TEMPO.CO, Denpasar -Menteri Hukum dan Hak Asasi Manusia Yasonna Hamonangan Laoly menganggap perdebatan terkait UU MD3 sudah terlalu panjang. "Ya namanya dinamika politik. Kalau enggak begitu nanti sudah satu tahun tidak jadi-jadi itu MD3," katanya seusai acara pembukaan Rapat Kerja Nasional (Rakernas) III PDI Perjuangan di Bali, Jumat, 23 Februari 2018.
Materi UU nomor 17 tahun 2014 tentang Majelis Permusyawaratan Rakyat, Dewan Perwakilan Rakyat, Dewan Perwakilan Daerah dan Dewan Perwakilan Rakyat Daerah (UU MD3). Menurut dia pihak DPR telah banyak mengajukan Daftar Inventaris Masalah (DIM).

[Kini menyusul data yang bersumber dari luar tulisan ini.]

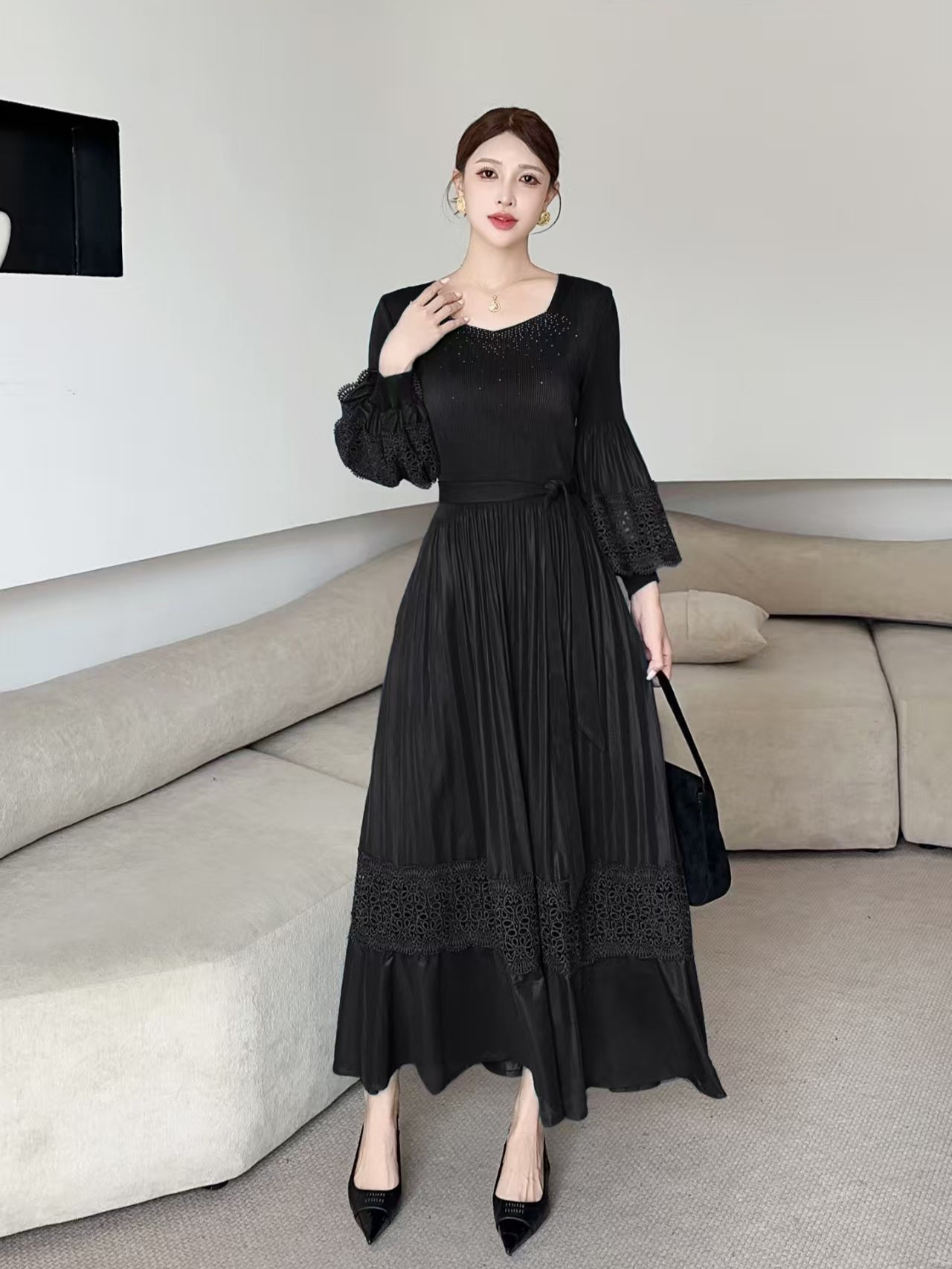 B8414 Dress Comfortable Round Neck Lantern Sleeve Hollow Breathable Women's Casual Large Size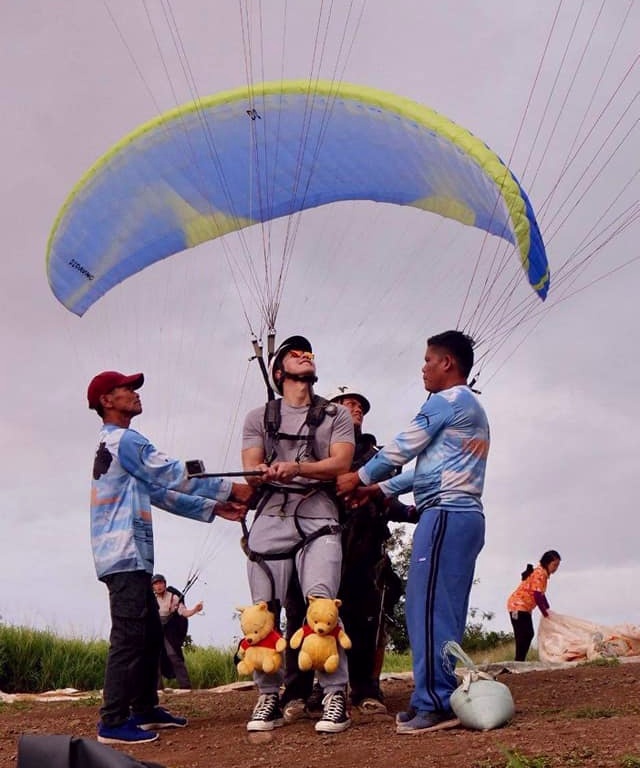 Paragliding in Rizal preparing for takeoff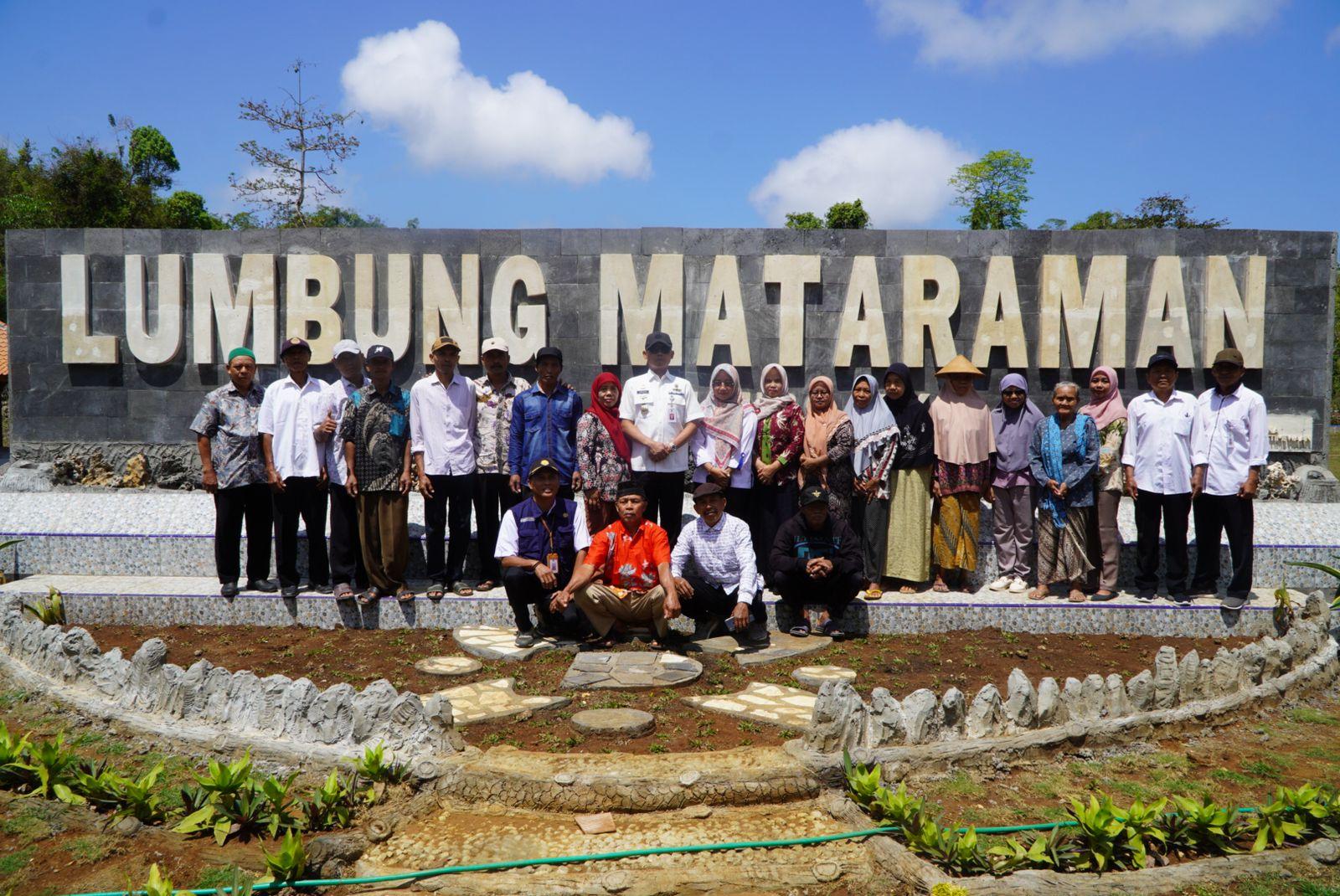 Peninjauan-Lumbung-Mataraman-di-Kalurahan-Balong.jpg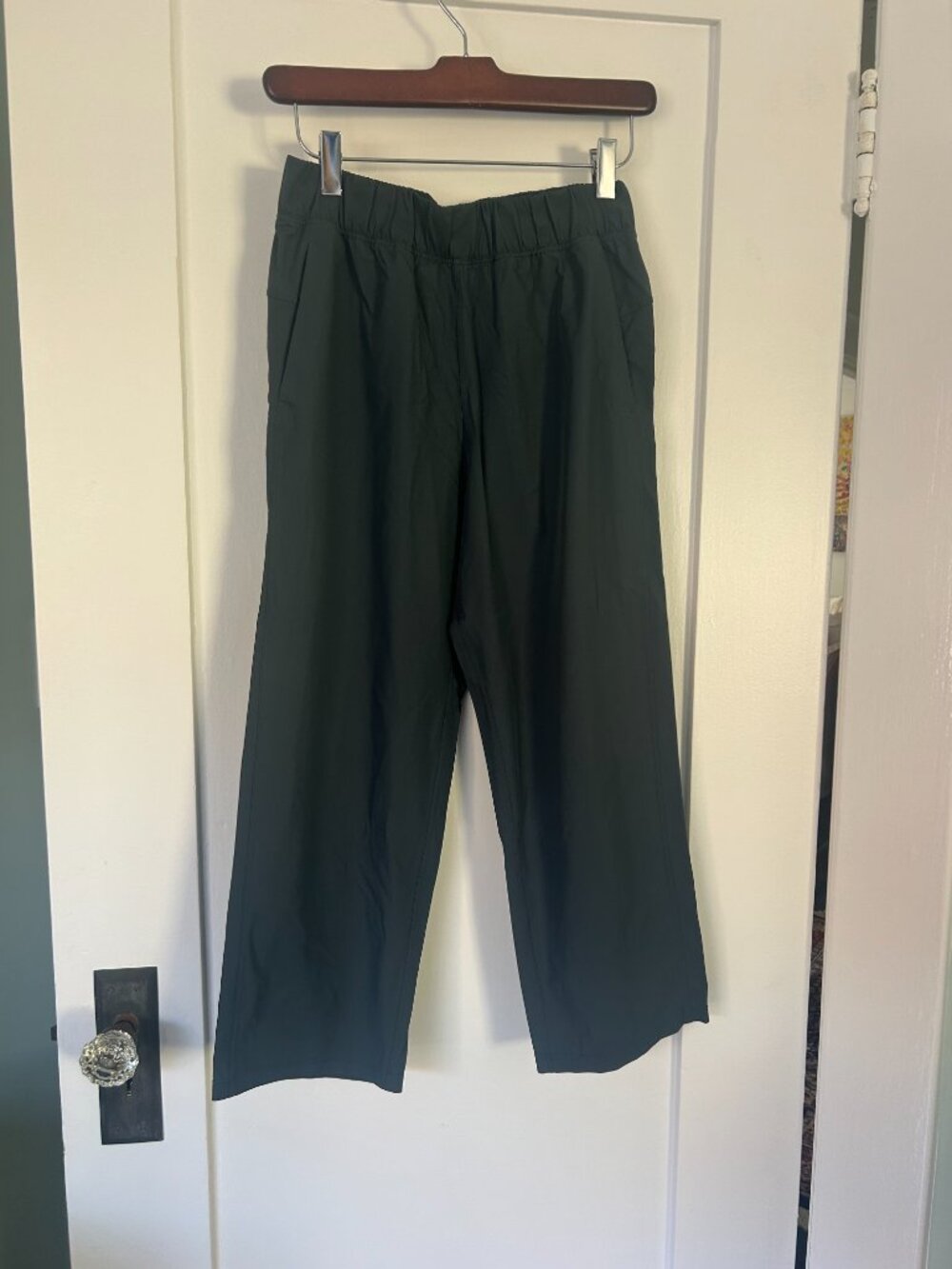 Lululemon Cropped light weight track pant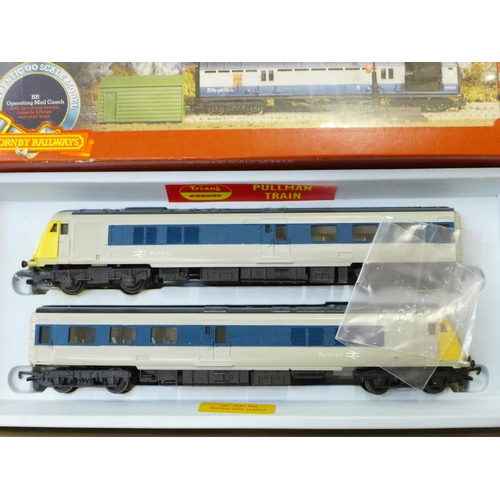 728 - Hornby OO gauge model rail, eleven wagons and carriages, all boxed except one Shell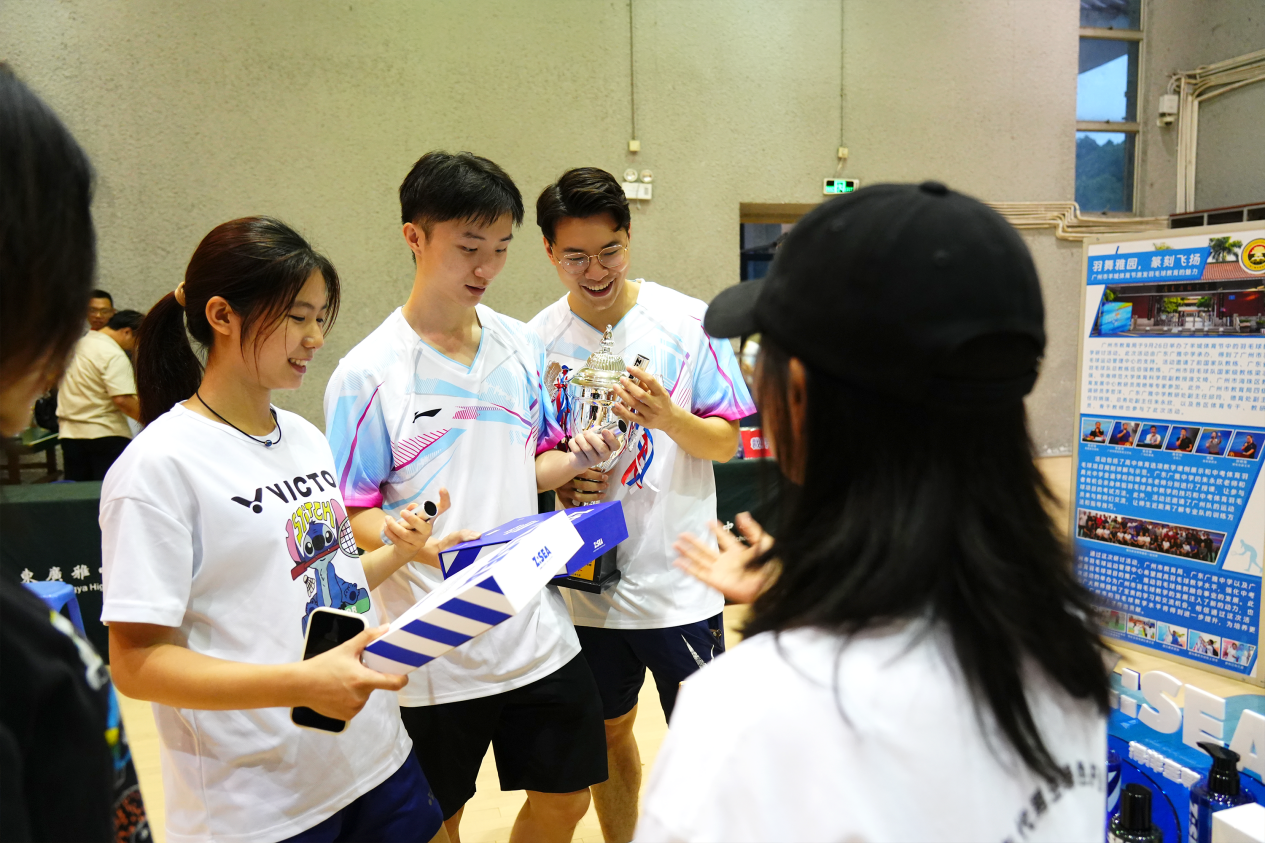 海洋至尊赞助第四届广州市中学名校校友羽毛球团体邀请赛_行业动态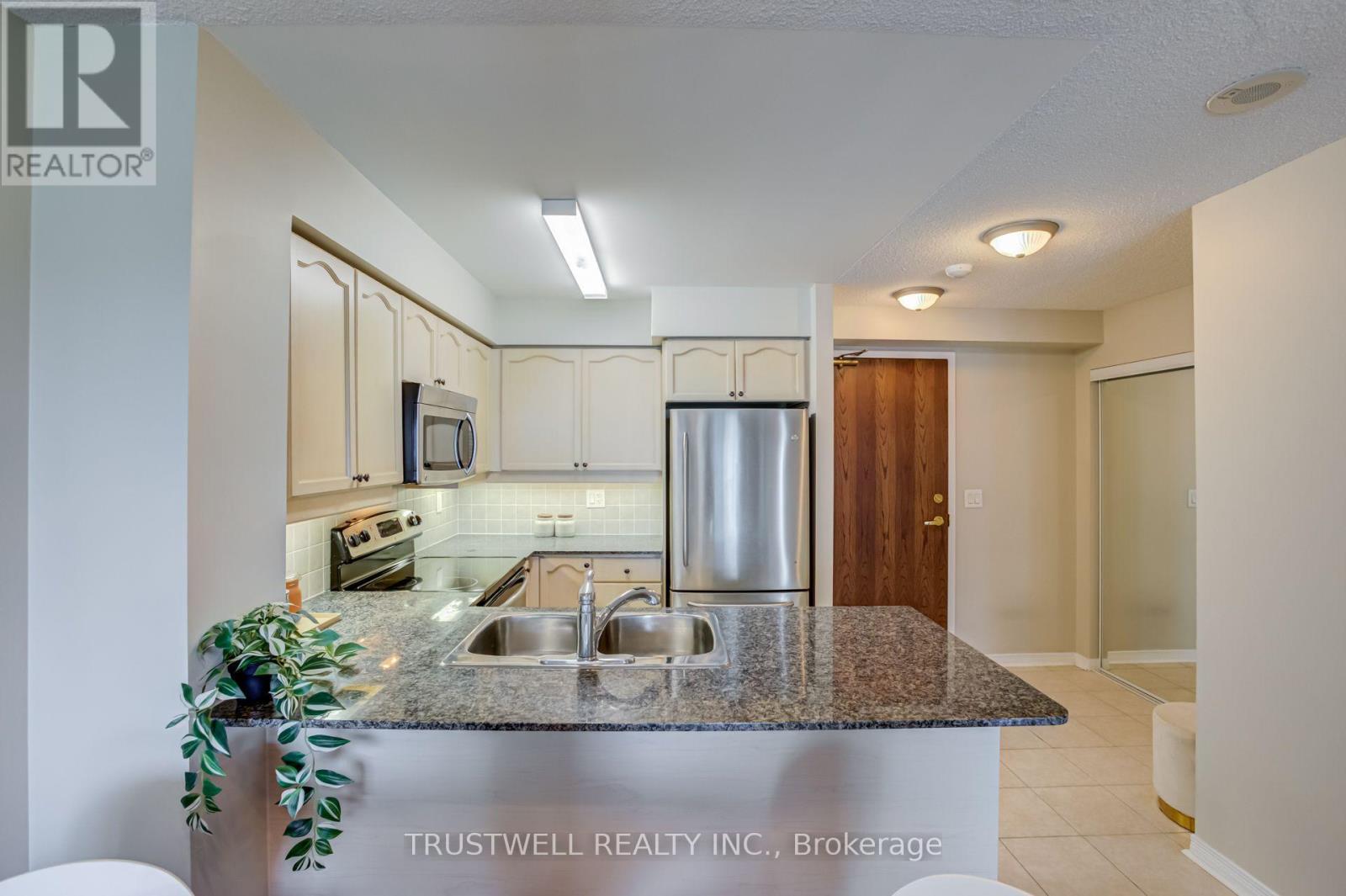 #808 185 ONEIDA CRESCENT - 7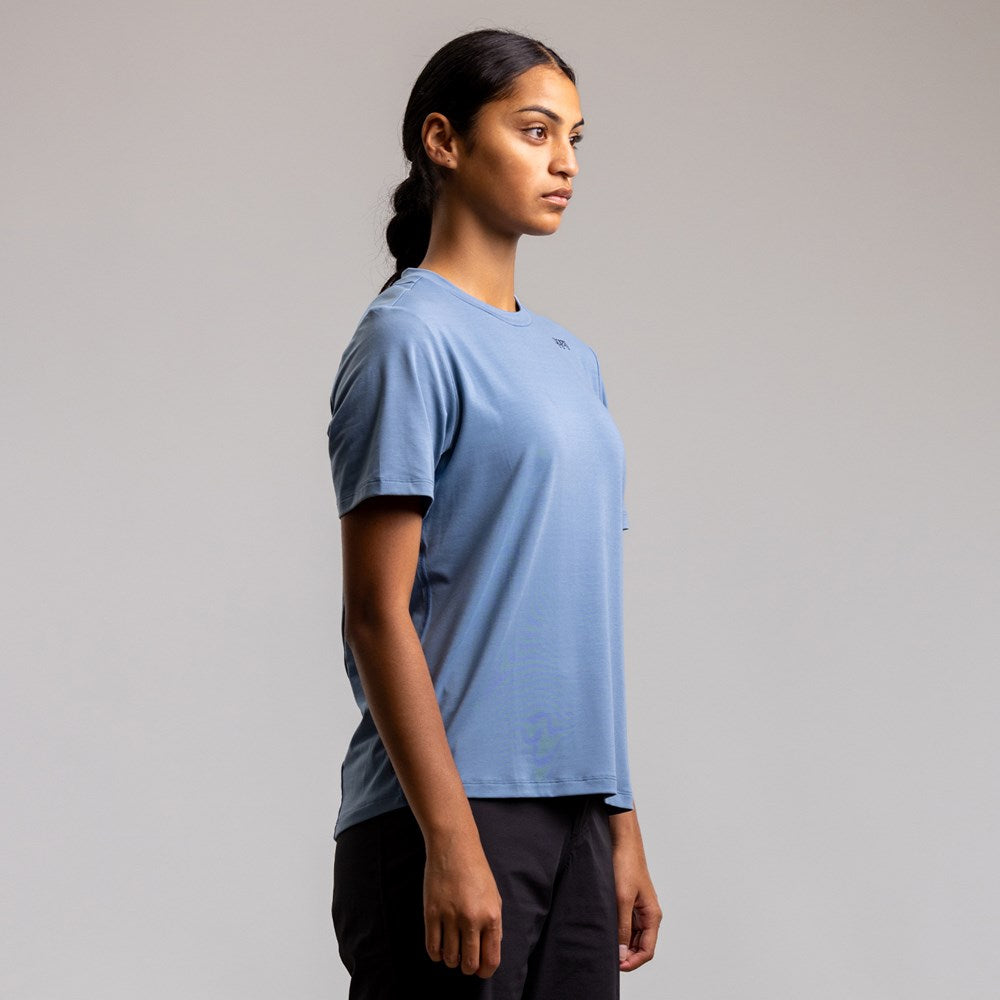 Lomond Tee - Women's - ilabb Canada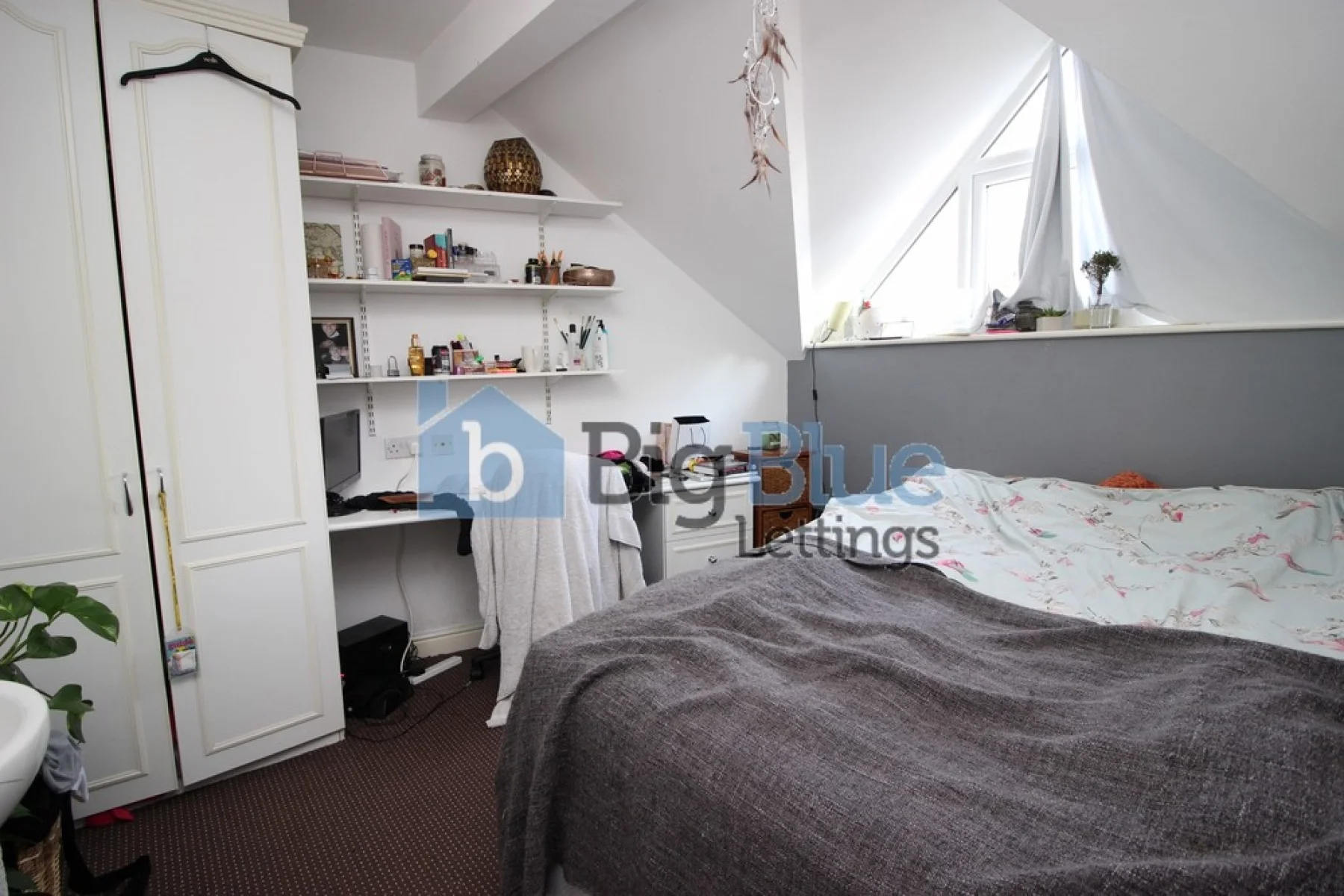 Flat Ebberston Terrace in Leeds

Baca : Gandeng 122 Pengacara, PSI Ajukan Gugatan UU MD3 ke Mahkamah Konstitusi
"Penguatan legislasi, penambahan Mahkamah Kehormatan Dewan, kemudian penegasan tentang hak imunitas itu kan secara konstitusi ada," ujar Yasonna lagi.
Menteri Yasonna menuturkan bahwa sebelumnya ada beberapa daftar yang membuat pihaknya tidak sependapat. "Itu terjadi perdebatan yang sangat panjang dengan DPR. Akhirnya ya daripada ini gagal kita terima," tuturnya. "Dan saya sudah mengingatkan mereka, ini potensial untuk digugat di Mahkamah Konstitusi."
Beberapa pasal di UU MD3 seperti tentang imunitas DPR dan pemanggilan paksa menuai kontroversi. DPR dianggap menjadi lembaga yang seolah-olah kebal hukum sekaligus juga antikritik.
Pasal-pasal yang banyak dikritik itu di antaranya adalah Pasal 122 huruf (k) yang mengatur wewenang Mahkamah Kehormatan Dewan untuk mengambil langkah hukum terhadap siapapun yang dianggap merendahkan martabat DPR.
Di bagian lain UU MD3, yang juga panen kritik adalah pasal 73 yang berisi kuasa DPR untuk bisa meminta kepolisian memanggil paksa, hingga menyandera setiap orang yang menolak hadir memenuhi panggilan DPR. Kepolisian Republik Indonesia diwajibkan memenuhi permintaan DPR dalam pasal ini.